Kabareskrim: Kasus Anggota DPR Diduga Aniaya PRT Cukup Ditangani Polda
Bareskrim Mabes Polri tidak akan mengambil alih penanganan kasus anggota DPR dan A istrinya yang diduga menganiaya PRT
Penulis: Theresia Felisiani
Editor: Sanusi
TRIBUNNEWS.COM, JAKARTA - Bareskrim Mabes Polri tidak akan mengambil alih penanganan kasus anggota DPR RI berinisial IH dan A, istrinya yang diduga melakukan penganiayaan pembantu rumah tangga (PRT) berinisial T.
Kabareskrim Komjen Anang Iskandar menuturkan kasus itu cukup ditangani oleh penyidik Polda Metro Jaya dan tidak akan diambil alih oleh Bareskrim.
"Kan sudah ditangani Polda Metro, mereka mampu. Kasusnya juga jalan terus dan masih proses," tegas Anang usai menghadiri Seminar Sekolah Sespimmen Dikreg Ke 55 TA 2015 "Pilkada Serentak Permasalahan dan Pemecahannya", di PTIK, Jakarta Selatan, Selasa (6/10/2015).
Sementara itu, Kadiv Humas Mabes Polri, Irjen Anton Charliyan mengatakan apabila memang buktinya sudah cukup dan kuat, maka tidak ada alasan bagi penyidik Polda Metro untuk tidak memeriksa anggota DPR dan sang istri.
Sebelumnya aparat Polda Metro Jaya belum memanggil dan memeriksa terlapor karena terbentur Undang-Undang Nomor 17 tahun 2014 tentang MPR, DPR, DPD, dan DPRD (UU MD3).
Dalam aturan itu tertulis permintaan keterangan kepada anggota Dewan yang diduga melakukan tindak pidana harus mendapat izin terlebih dahulu dari presiden.
"Soal pemeriksaan minta izin dulu atau tidak ke presiden, akan kami konsultasikan dulu. Tapi kalau memang bukti sudah cukup, kenapa mesti pusing, kalau sudah cukup ya langsung diperiksa saja orangnya," tegas Anton, Selasa (6/10/2015) di Mabes Polri.
Sebelumnya Direktur Reserse Kriminal Umum Polda Metro Jaya, Kombes Krishna Murti mengatakan pemeriksaan terhadap anggota DPR RI berinisial IH dan A, istrinya, yang diduga melakukan penganiayaan pembantu rumah tangga (PRT) berinisial T, belum dilakukan.
"Mengacu pada UU terbaru pemanggilan harus seizin presiden. Penyelidikan belum menyentuh ke terlapor," tuturnya di Mapolda Metro Jaya, Jakarta, Senin (5/10/2015).

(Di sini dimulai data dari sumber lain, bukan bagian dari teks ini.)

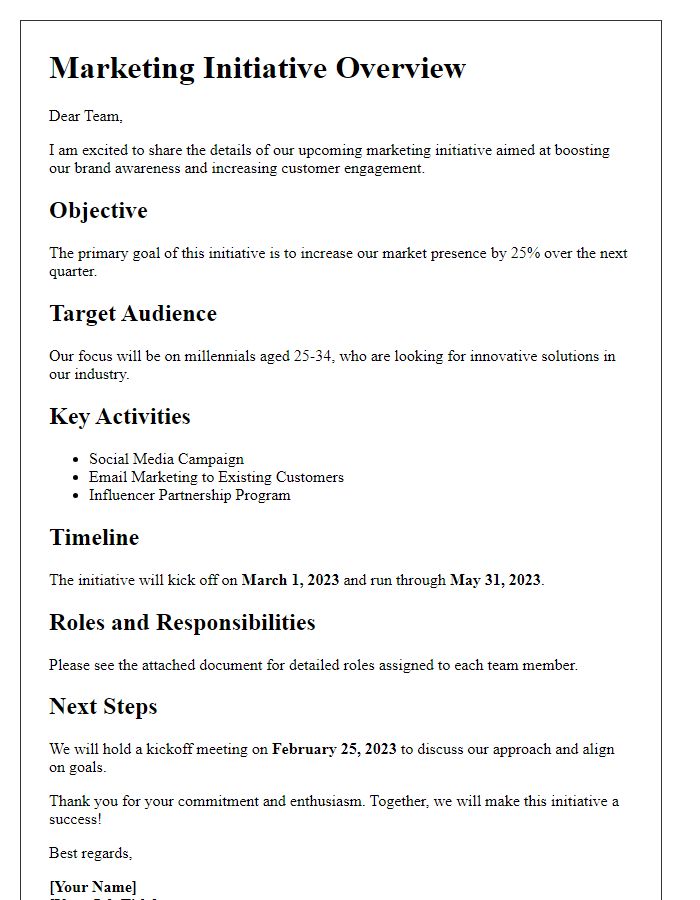 Letter template of marketing initiative details for team members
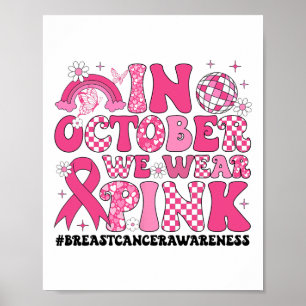 In oktober Draag we roze koolstofborst-kanker Poster
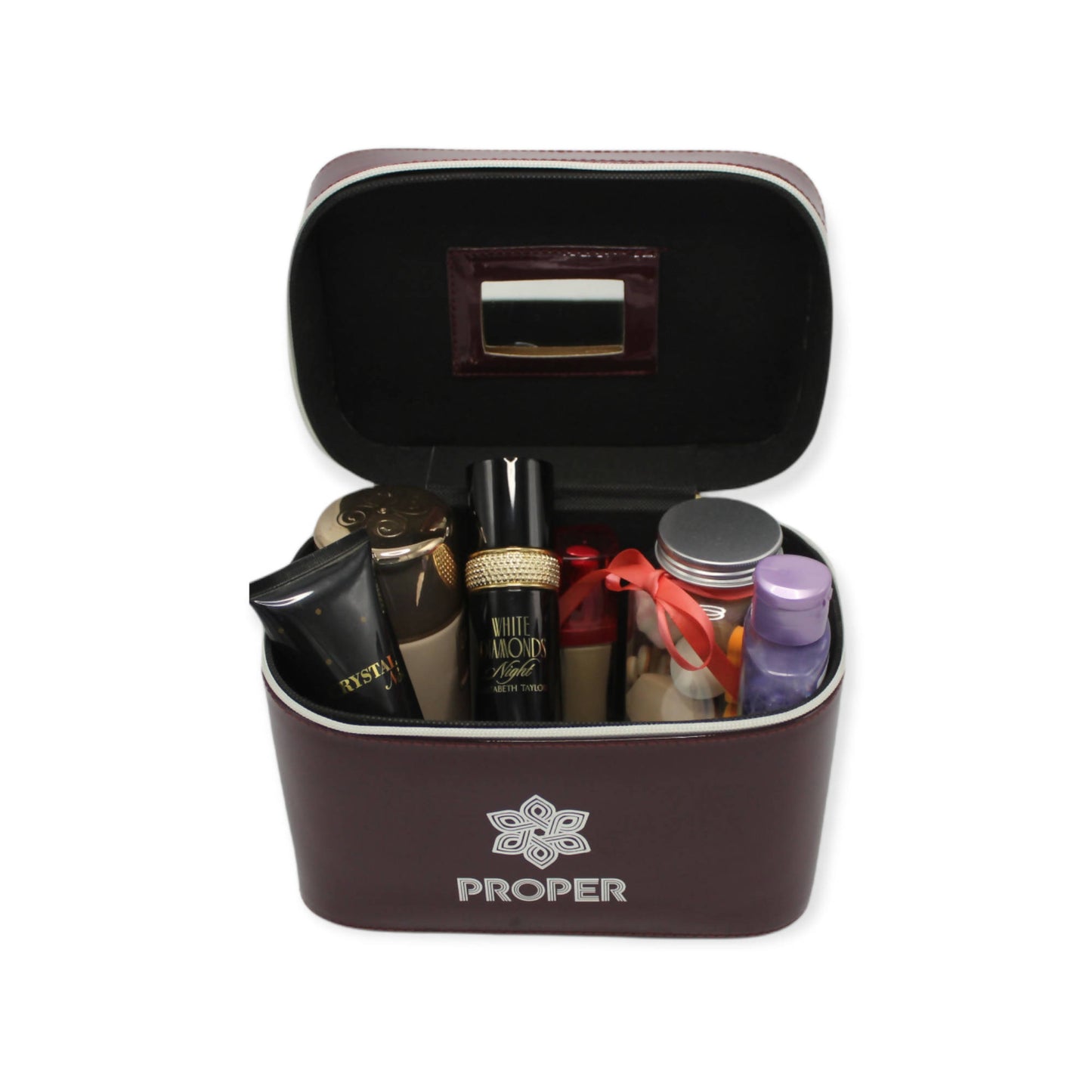 مجموعة من 3 حقائب سفر للمكياج وأدوات الزينة (كستنائي)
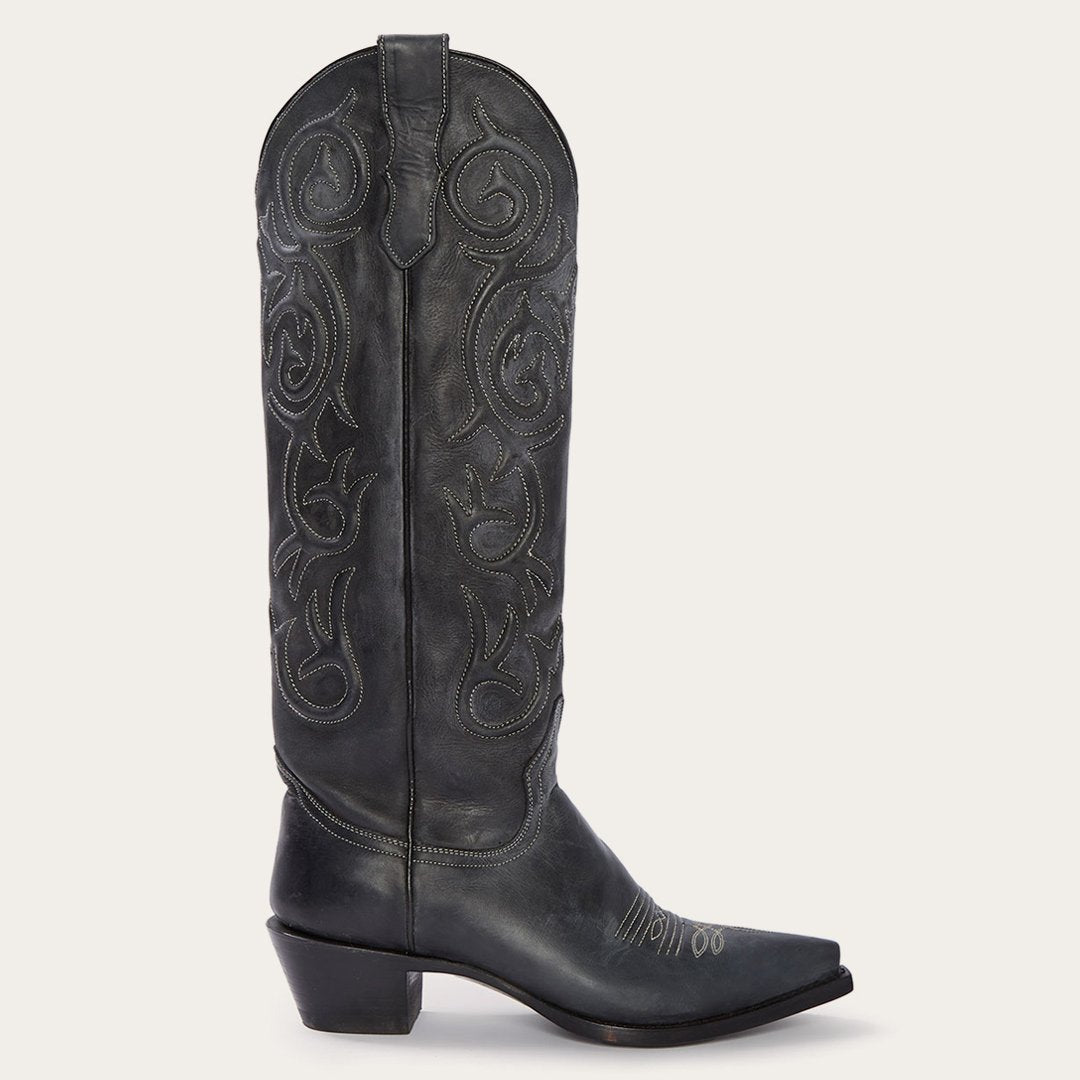 Women Western | Stetson Blair Corded Side Zip Cowboy Boot Black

Krishna menuturkan sejauh ini penyidik sudah memeriksa tujuh orang saksi meliputi korban atas nama T, Suini-pemilik yayasan penyalur pembantu di Depok, Nafiatun-pihak yayasan LPK Mandiri, dua pembantu rumah tangga yang bekerja di rumah terlapor, dan pihak LBH Apik.
Menurut Krishna, berdasarkan keterangan dua pembantu rumah tangga yang bekerja di rumah terlapor, mereka mengaku pernah menerima penganiayaan seperti yang dilakukan kepada T.
Pada Senin siang, aparat Polda Metro Jaya melakukan gelar perkara untuk menentukan apakah kasus itu dinaikkan ke tahap penyidikan atau kasus dihentikan karena tidak cukup bukti.
Polisi melakukan analisa pada saat melakukan gelar perkara. Keterangan tujuh orang saksi yang telah diperiksa disesuaikan dengan barang bukti, dokumen, dan petunjuk. Setelah itu, disimpulkan dalam resume.
Apabila telah dinaikkan status ke tahap penyidikan, maka kata Krishna, pihaknya akan melakukan pemanggilan terlapor sebagai saksi terlebih dahulu.
"Kami melakukan pemanggilan terlapor sebagai saksi terlebih dahulu. Apabila ada pembantahan maka terjadi berita acara konfrontasi. Kalau cukup bukti akan ditingkatkan tersangka, kalau tidak ya tidak," kata dia.